Hay un asunto adicional que deseo tratar brevemente, a la luz de la experiencia chilena, la salvadoreña y la de otros países. ¿Qué puede decirse acerca de la vieja pregunta de si es posible o no un cambio revolucionario por vías pacíficas y legales? ¿Puede tener viabilidad una ruta al socialismo que respete el estado de derecho y no cause un descalabro de la paz social? ¿Es posible llegar a un socialismo que sea realmente democrático, con elecciones trasparentes, separación de poderes y libertades ciudadanas normales en las democracias occidentales? La respuesta a las anteriores preguntas parece más bien negativa en América Latina: lo que la experiencia histórica muestra hasta el momento es que los esfuerzos de diverso tipo por llegar al socialismo han terminado más bien en golpes militares como el de Chile, guerras civiles como la salvadoreña, o derivas totalitarias como la de Cuba.

Pero el asunto depende de qué tipo de socialismo se trate, qué se entiende precisamente por ello y cuáles son las condiciones propias del país donde se intente. Los gobiernos socialistas escandinavos, por ejemplo, lograron establecer sistemas mixtos de inspiración socialista, que combinan altos grados de eficiencia económica y justicia social, con un ejemplar respeto del orden legal y de los derechos de todos sus ciudadanos. Incluso en América Latina hay ahora varios esfuerzos en el sur del continente sobre los que no hay todavía un veredicto definitivo de la historia. Sin embargo, me parece razonable postular la hipótesis de que, supuesta la voluntad de buscar y llegar a un tipo de socialismo democrático que respete todo lo antes mencionado, son indispensables al menos tres condiciones para el logro exitoso del mismo. Primero que las fuerzas políticas que se orientan por dicho horizonte tengan un apoyo claramente mayoritario, estable y activo de la población del país. Segundo, que haya un respaldo suficientemente sólido en las fuerzas armadas para impedir una aventura militar como la pinochetista, o las de otros golpistas de nuestra América (recuérdese lo que le ocurrió a un presidente de Guatemala llamado Jacobo Arbenz Guzmán). Tercero, que haya un contexto internacional favorable o, por lo menos, suficientes recursos exportables propios del país para aliviar las vulnerabilidades de orden externo que podrían impedir la realización de tal esfuerzo.

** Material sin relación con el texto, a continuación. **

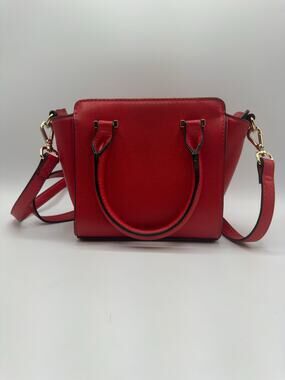 ✨ Carpisa Red Structured Top-Handle Crossbody Satchel Bag (9”x6.5”) ✨
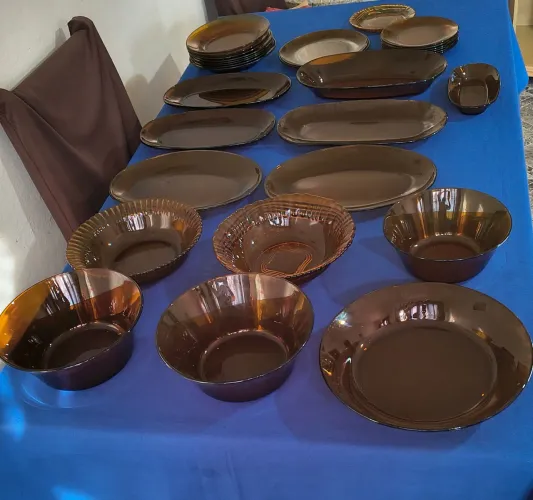 Conjunto de louças Duralex marrom, raridade.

A mi parecer, ninguna de dichas condiciones existió en Chile en la época de Allende, ni existe actualmente en El Salvador. Ello implica que los dirigentes del partido salvadoreño que podría intentar una ruta legal y pacífica al socialismo democrático, el FMLN, deberían ser cautelosos y andar con pies de plomo en sus propuestas y acciones. Todavía hay vestigios latentes de actitud y pensamiento pinochetista en otros países de Centroamérica y en el nuestro. No es que esos vestigios vayan a activarse por cualquier cosa, pero bastaría un momento de fuerte polarización para demostrar la verdad de esta afirmación, como lo demostró en la historia reciente (2009) el golpe de Micheletti en Honduras.